About this task: Where the material below has a line containing "New 2026 Chevrolet", start repeating exactly, and keep going through the line containing "Sezon ikinciliği kupasını", with no other lines.

Given data:
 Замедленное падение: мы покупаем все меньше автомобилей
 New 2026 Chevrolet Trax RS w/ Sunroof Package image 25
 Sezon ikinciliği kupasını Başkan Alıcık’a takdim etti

---

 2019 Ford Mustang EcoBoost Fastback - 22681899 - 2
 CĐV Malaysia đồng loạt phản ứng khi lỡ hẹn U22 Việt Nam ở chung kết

--

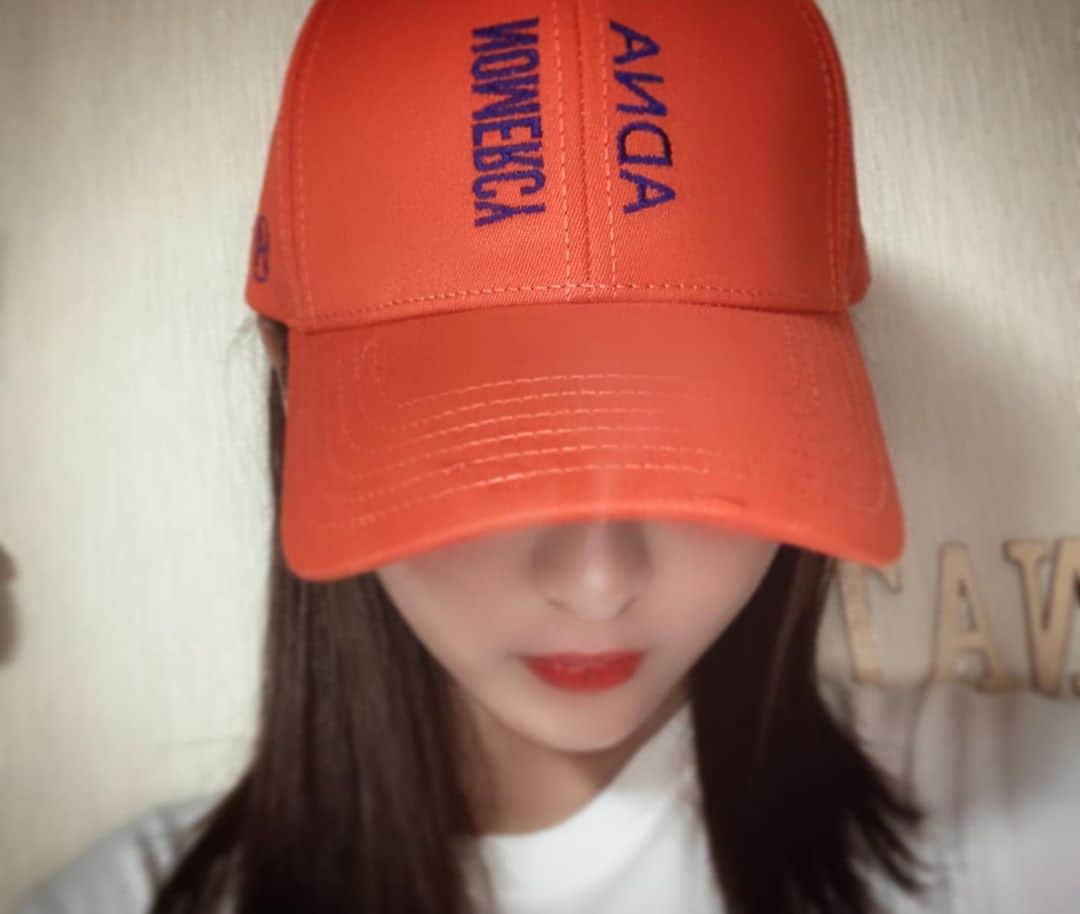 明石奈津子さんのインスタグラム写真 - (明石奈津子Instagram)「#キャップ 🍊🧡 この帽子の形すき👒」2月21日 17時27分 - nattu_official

Result:
 New 2026 Chevrolet Trax RS w/ Sunroof Package image 25
 Sezon ikinciliği kupasını Başkan Alıcık’a takdim etti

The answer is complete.